I remember from my when I guess I was about ten, that my mom was going to go on a retreat by herself. Curious, I asked her what one does on a retreat? She explained that it's a quiet place you go to so that God can talk to you. Upon hearing that, I so wanted to be able to go, too. Imagine God talking directly to me! That would make life so much easier!!

I grew up in a Roman Catholic family. You went to church every Sunday, without exception. We learned to recite prayers, and most of our evenings ended with us reciting them together before going to bed. I really yearned to find some sort of sprituality, already as a young child. I read bible stories, got involved in youth groups, participated in church plays. Yet I did most of it out of duty, because we were taught that sinners when to hell.
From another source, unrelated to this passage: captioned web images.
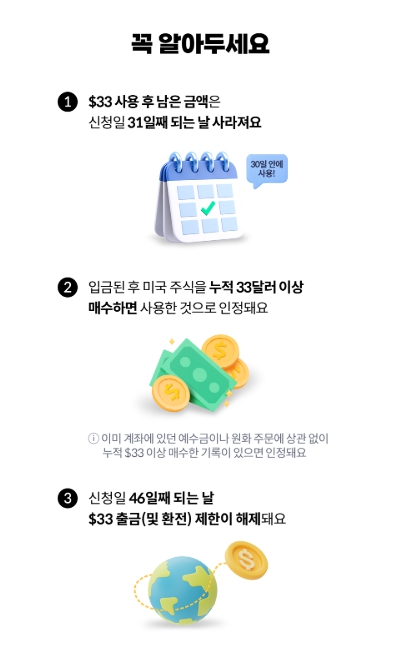 키움증권 계좌개설 이벤트 신청방법｜수수료 0원에 해외주식 시작하고 33달러까지!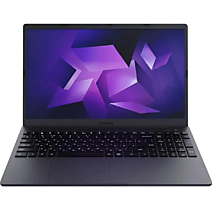 Kvadra Nau LE15T (Y22L02P01101R-7872F1) Core i5 1235U 8Gb SSD512Gb Intel UHD Graphics 15.6" FHD (1920x1080) без ОС dk.grey WiFi BT Cam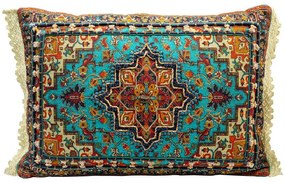 Boho Antike dekoračný vankúš 37x57 cm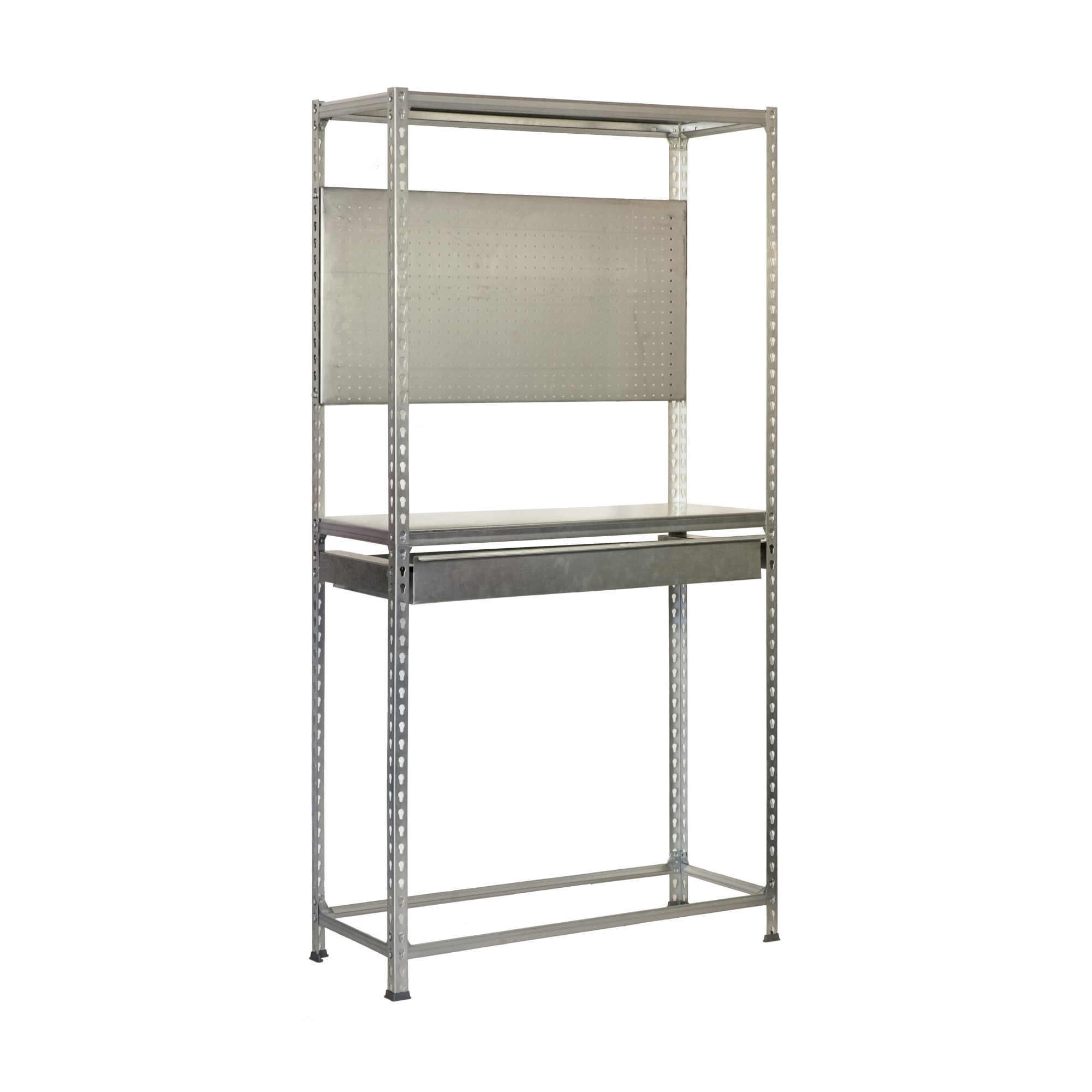 KIT SIMONRACING BOX PLUS 3/400 GALVANIZADO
Prayers were either about wishing for something I didn't have or asking forgiveness so as not to end up on St. Peter's "naughty list" should we unexpectedly end up in front of his pearly gates. We were taught to do as we were told without question. Even after moving to Sweden I felt compelled to at least go to Christmas and Easter mass.

My turning point came about 15 years ago, while seated in a pew towards the back end of the dome catherdral in Kalmar. It was Easter mass, and the priest was offering his prayer to the Lord, proclaiming that we were not worthy of Him. That's when my cup runneth over, and I left. I haven't been back since.

Now in meditation, I realize that I am in fact praying, praying to my silence, as I call it. Nowadays my prayers consist of requests for guidance, tools to aid me in my quest towards the divinity within my soul. At first I thought I was just alone with my thoughts, but now I tend to believe that there actually is a universal benevolence with limitless love and intelligence. It offers me answers.

For the first time in my life, I feel as though God is talking to me.